A combination of factors motivated me to join Rātā Foundation—mainly, I was excited about the Foundation’s vision and the prospect of playing a part in its continuing evolution and momentum. Being part of what is clearly a great team, doing great work was certainly another contributing factor! In my past role, I saw first-hand the difference  leadership and supportive funding can make, and I wanted to continue working in a sector I am passionate about.

  1. Now that you’re almost a month in, how have you found the transition from North to South, and what are you looking forward to?

The opportunity to live in Christchurch and build connections into the Nelson, Marlborough and Chatham Island communities was a big draw card. The family were pretty keen as well! I’m taking some time to learn but I’m passionate about supporting great ideas which make a difference and empower communities to dream and achieve their aspirations.

The people I’ve met so far have been really welcoming and I’m enjoying the opportunity to get to know this place better. Have to say though, the weather has been a bit of a shock, but the team here kept telling me it will get better, and I’m pleased to say that seems to be the case.

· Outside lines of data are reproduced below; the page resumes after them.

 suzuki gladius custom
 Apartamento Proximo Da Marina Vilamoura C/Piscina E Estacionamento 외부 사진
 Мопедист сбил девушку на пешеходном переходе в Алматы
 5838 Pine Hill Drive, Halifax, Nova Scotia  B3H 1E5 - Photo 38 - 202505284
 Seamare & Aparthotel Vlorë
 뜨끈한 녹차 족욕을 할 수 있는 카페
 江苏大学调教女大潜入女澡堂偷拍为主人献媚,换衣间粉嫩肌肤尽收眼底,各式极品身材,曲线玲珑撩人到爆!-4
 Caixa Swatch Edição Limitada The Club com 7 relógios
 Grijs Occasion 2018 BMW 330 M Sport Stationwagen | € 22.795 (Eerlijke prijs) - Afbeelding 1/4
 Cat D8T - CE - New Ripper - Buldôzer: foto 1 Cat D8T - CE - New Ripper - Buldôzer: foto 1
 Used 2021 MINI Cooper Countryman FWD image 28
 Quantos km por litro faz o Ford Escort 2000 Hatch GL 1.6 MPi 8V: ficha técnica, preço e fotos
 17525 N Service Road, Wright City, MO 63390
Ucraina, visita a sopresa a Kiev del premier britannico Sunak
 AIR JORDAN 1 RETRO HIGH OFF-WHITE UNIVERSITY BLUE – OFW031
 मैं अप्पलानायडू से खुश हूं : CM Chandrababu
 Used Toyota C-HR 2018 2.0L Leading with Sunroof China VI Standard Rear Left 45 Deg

  1. What is some of the most interesting writing relating to the sector that you’ve come across recently? 

Nine Steps to Effective Governance – Building High Performing Organisations from Sport NZ.
It’s a really good guide for organisations looking to improve the way they work, and find good practice, advice and research in a range of areas.  

The New Zealand Project by Max Harris: is a book which challenges the way we think as a society about the problems currently facing New Zealand. It also offers a different way we could think about how we could work to address these issues.

Legacy by James Kerr: offers an in-depth look at the world’s most successful sporting team, the legendary All Blacks of New Zealand, to reveal 15 powerful and practical lessons for leadership and business.

  1. Finish the sentences:
    For me, good grantmaking is
    …supporting and helping to build capacity and sustainability in our community organisations to they can achieve great outcomes in their sector.
    For me, good philanthropy is…identifying and investing in an area where real impact and positive social change can be delivered.
  2. What do you like to do when you’re not at work?

That’s easy—the three F’s—family, fun and fishing!